The proposal is to adopt TEV (Total Economic Valuation) and WAVES
(Wealth Accounting and Valuation of Ecosystem Services) which is an
integration of TEV and natural capital accounting. WAVES is an
initiative of the World Bank which is supportive of “responsible
mining”. It complements the Extractive Industry Transparency
Initiative (EITI) - a priority advocacy of the Chamber of Mines.
The exercise is not “catatonic” because “significant advances have
been made in defining and conceptualizing protected areas valuation ”.
There are at least 60 instances, at least 3 in the Philippines, where
TEV has been done. There are enough research work and examples to
arrive at a less than perfect, but nonetheless usable, formula.
WAVES is a comprehensive wealth management approach to long-term
sustainable development that includes all assets – manufactured
capital, natural capital, human and social capital. The methodological
framework is the UN’s System of Environmental and Economic Accounting
(SEEA) developed over the past 20 years.
This is a good time to adopt these analytical tools since the
Philippines is one of 6-10 countries where WAVES is being piloted by
the World Bank. Why the Chamber of Mines seems to object to their
explicit application to mining projects in the new policies is frankly
hard to understand.
We need these tools. For example, there is an apparent oversight in
the Mining Law or its IRR – because the so-called final rehabilitation
fund for phased out mines applies only to the capital costs of
rehabilitation – like land restoration and reforestation. There is no
perpetual accountability or trust funds for the maintenance of
structures like tailings dams or the disasters that could happen years
later from dam breakages. These risks should be borne by the mining
companies and not by our taxpayers, which seems to be the case today.

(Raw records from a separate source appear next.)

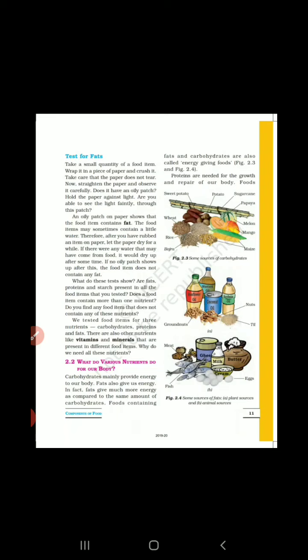जो foods fats और carbohydrates contain करते हैं उनको हम energy-giving food भी कहते हैं। कभी-कभी यह one word में पूछा जाता है कि which nutrients को हम energy-giving food कहते हैं — तो इसका answer होगा fats and carbohydrates।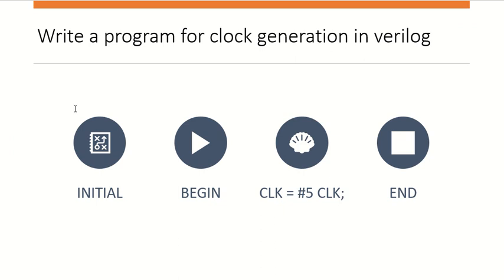The next question was: write a program for clock generation in Verilog. I told the program, which is pretty simple: inside an initial block, set clock equals zero, then use '#5 clock = ~clock'. The delay value depends on the desired period of the clock.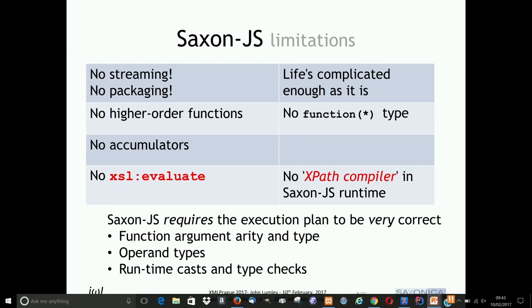SaxonJS is small and fast because it requires the execution plan to be very correct. It is not going to check function argument arities or their types. It is not going to do the same for almost all operators. It assumes that where a cast is required, a cast instruction has been generated, or a dynamic type check instruction has been put in place. And if you don't have that, it will run wrong. The worst thing that we at Saxonica can never have is something that runs wrong — it's far worse than running slow.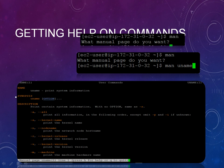What the description says is print certain system information with no option same as MAN and these are the different options that you can use along with the uname. So it gives you the clear information of the specific command and you can get started on using this specific command.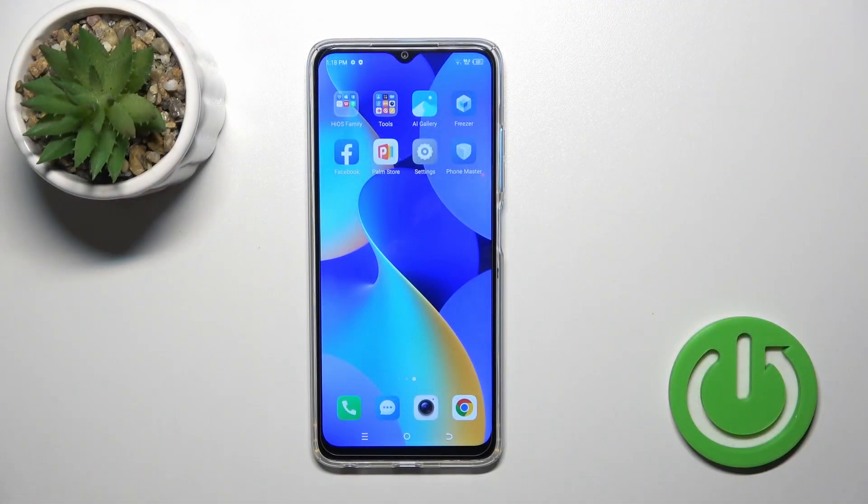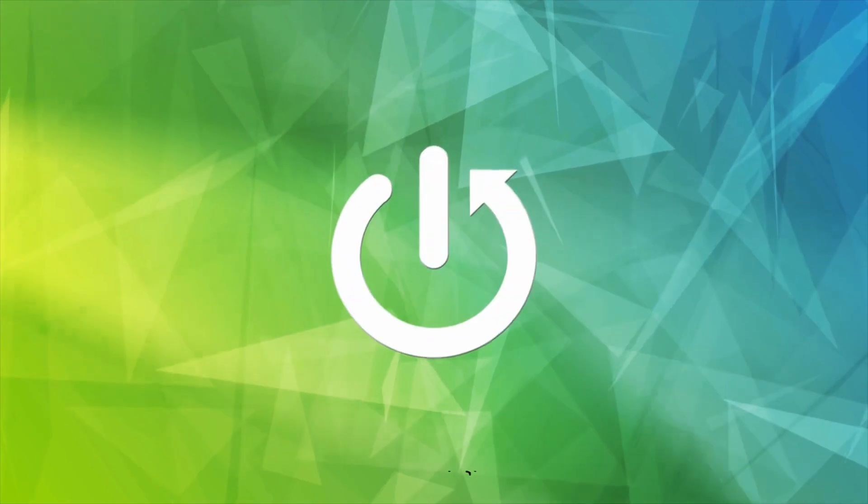Hi, today I have with me the Tecno Spark 10 and I'll show you how to check the device model.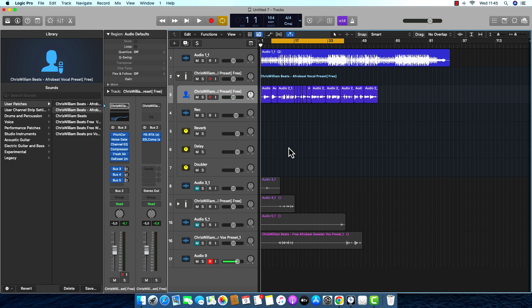What's up my G's? It's your boy Chris William Beats, I'm back again guys, another tutorial. So for today it's gonna be different from the previous. Today I'm going to break down the vocal preset that I made inside Logic Pro X. I was using both the Waves plugin and the Logic Pro X stock plugins, and the song is called OJumon.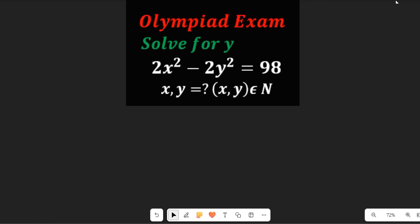In this video, let's learn how to solve for the value of x, y in this Olympiad exam question. We are asked to find the value of x and y in 2x² minus 2y² equal to 98, and the condition given to us is that x, y must be elements of natural numbers.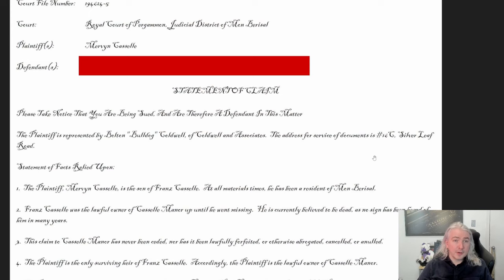I've got a Statement of Claim, and it has a court file number — in the real world they'd assign a file number to track it, so I put that in there. The court is the Royal Court of Pergamon, Judicial District of Mon Barisal, which tells us where this is happening. The plaintiff is Mervyn Cassell — that's who's suing. I've blocked out the defendants since those are other people's character names.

This is not responsible mining. If my understanding of the rules is
wrong, I will be happy to be corrected.
Until the new policies are fully in place, the government should
strictly apply the precautionary principle to pending issues. The
principle is public policy under RA 9729 (Climate Change Act of 2009),
and was enunciated by the Supreme Court in issuing the Writ of
Kalikasan:
Part V. Rule 20, “Sec. 1 When there is a lack of full scientific
certainty in establishing a causal link between human activity and
environmental effect, the court shall apply the precautionary
principle in resolving the case before it. The constitutional right of
the people to a balanced and healthful ecology shall be given the
benefit of the doubt.”
This safeguard is needed. The present mining system is simply no
longer workable because it is onerous to the country and is open to
corruption and to decisions that are vulnerable to future
questionings, and we need a little more time to put things right.
In closing, may I say that the mining industry is correct that our
fragmented views on mining heightens the uncertainty of mining
investors, although this may have the reverse effect on other
investors, as in tourism. The mining industry should thus welcome the
initiative of the government to put in place a new set of rules that
can promote solidarity with consultations. If the rules turn out to be
too tough on mining, at least the decision to invest will have less
uncertainties and its parameters will be clear. On the other hand, the
government and other stakeholders should be fully aware of their
consequences on mining investments and the need for a fair and proper
disengagement process, if necessary, as well as the urgency of
implementing alternatives to mining.
In times like this, it is good to remember the words of Albert Camus
when he received the Nobel Peace Prize – we should put ourselves at
the service not of those who make history but of those who suffer it.
Thank you.
Monsod delivered this speech during a mining conference organized by
business groups in Makati City on March 2, 2012.